Election history and statistics are powerful investigative tools and can point those interested in a number of productive directions. However, personal accounts of the Clermont County goings-on provide a more immanent and troubling version of what went on in 2004. The Green and Libertarian Parties called for a recount of Ohio Presidential ballots. The Secretary of State issued guidelines for this. The recount was to be of 3% of the ballots cast. Although it was not specifically mentioned, the obvious intent was to generate a random sample of the precincts, consisting of 3% of the precincts’ vote total. Arrangements were made for observers who were either neutral or from the requesting parties.

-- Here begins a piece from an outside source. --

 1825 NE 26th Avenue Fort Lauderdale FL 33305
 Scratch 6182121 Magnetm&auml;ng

In Clermont, irregularities and hostilities were the order of the day, according to three eye witnesses who gave affidavits to the Conyers committee. Stephen Spraley, an electrician and Ohio Democratic Party recount volunteer, offered a report of major significance. He saw a number of ballots with oval white stickers placed next to the candidate’s name and covering the Presidential selection. Spraley approached Assistant Board Director Kathy Jones, a Democrat, with a ballot on which a Kerry choice was covered with a sticker. Before Jones could speak, Dan Bare, the board chairman, said this would be addressed later at a board meeting. At the meeting, the board agreed that the stickers were part of a process in Ohio to avoid spoilage.

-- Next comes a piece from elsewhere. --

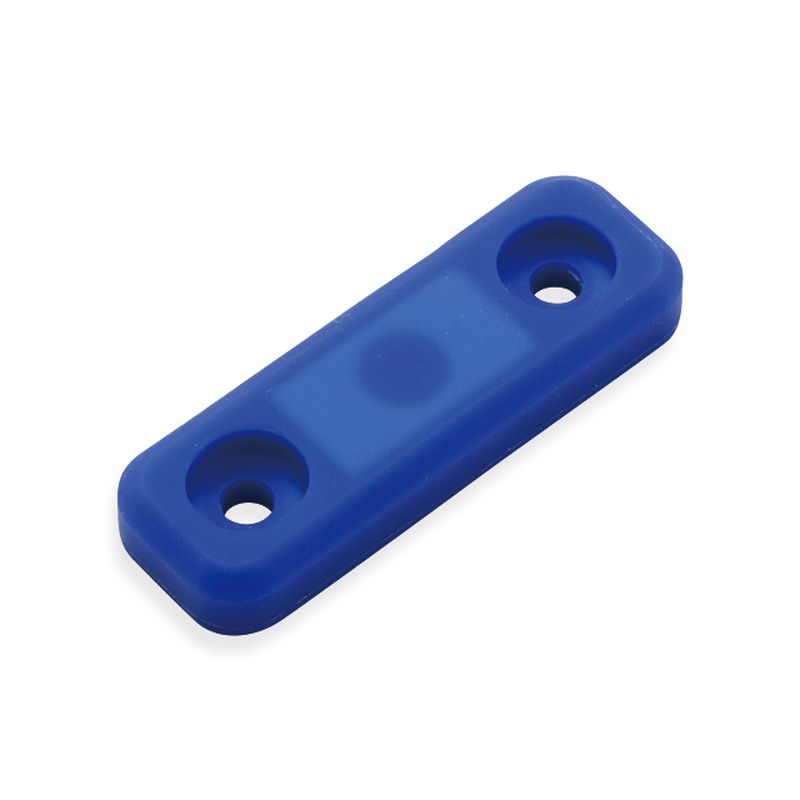 TL-378-F �}�O�l�b�g�L���b�`(�F)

Spraley called Carolyn Betts, who was working as a recount observer in Hamilton County. Betts has both MBA and JD degrees, as well as impressive experience with white collar crime, fraud cases, and contentious financial transactions. Betts confirmed Spraley’s observations and concerns about altered ballots found during the recount. This observation carries added weight because it is contemporaneous and consistent with Spraley’s. Betts noted that Danny Bare said that using white sticker on candidate selections was an acceptable means of fixing ballot problems prior to vote counting. Bare restated and confirmed this position at the Clermont Board’s certification meeting for the recount. Betts also noted that Spraley told her he had asked to take a photograph of one of the altered ballots and was denied this request.

Witness Jeannine Tater came to Ohio as a Kerry observer of the recount. She has an MBA and is a teacher in her home state. She confirmed seeing ballots modified with oval stickers and also recounted a Board member denying that this ever took place, despite public acceptance of the claim at the Board certification meeting that followed the recount. Tater detailed a story highly relevant to the recent election. While observing ballot tabulation, she noted a disproportionately large stack of ballots from Union Township. She asked Kathy Jones about this. Tater was told that the ballot pile was twice the size expected due to a special referendum in Union Township requiring a two-page ballot. Jones asserted that there were 1190 ballots for Union, with 678 page ones, containing the Presidential selections, and 512 page twos for the referendum. When reviewing the results for Union, Tater noted that the Presidential vote tally was 1190 votes—878 for Bush and 378 for Kerry. According to this account, Jones – the Democrat on the Board, who is supposed to offer balance – had a completely incorrect understanding of the total votes cast for President in the precinct she was supposed to be recounting. Kathy Jones is the “Democrat” cited in the Enquirer who offered reassuring words that the “humidity” crisis was nothing out of the ordinary.

Witness Carolyn Betts attended the Clermont Board of Elections meeting on December 16, 2004, when the recount was certified. As she describes it, then and current Board Director Dan Bare was intent on certifying the recount by the December 20. He was also intent on accommodating his staff members’ desire for a holiday vacation. According to Betts’ account, Bare “would not discuss providing ballot books, uncounted absentee ballots and uncounted provisional ballots until the hand recount was complete.” “Ballot books” are the large bound printouts that poll workers use to check off names as voters enter the polling place. If there are 1000 votes cast in a precinct and only 800 signatures in the ballot book, there are serious problems. If any of the names on the ballot book cannot be confirmed as residents of the precinct, there are serious problems. For these reasons, ballot books are vital in determining the legitimacy of an election.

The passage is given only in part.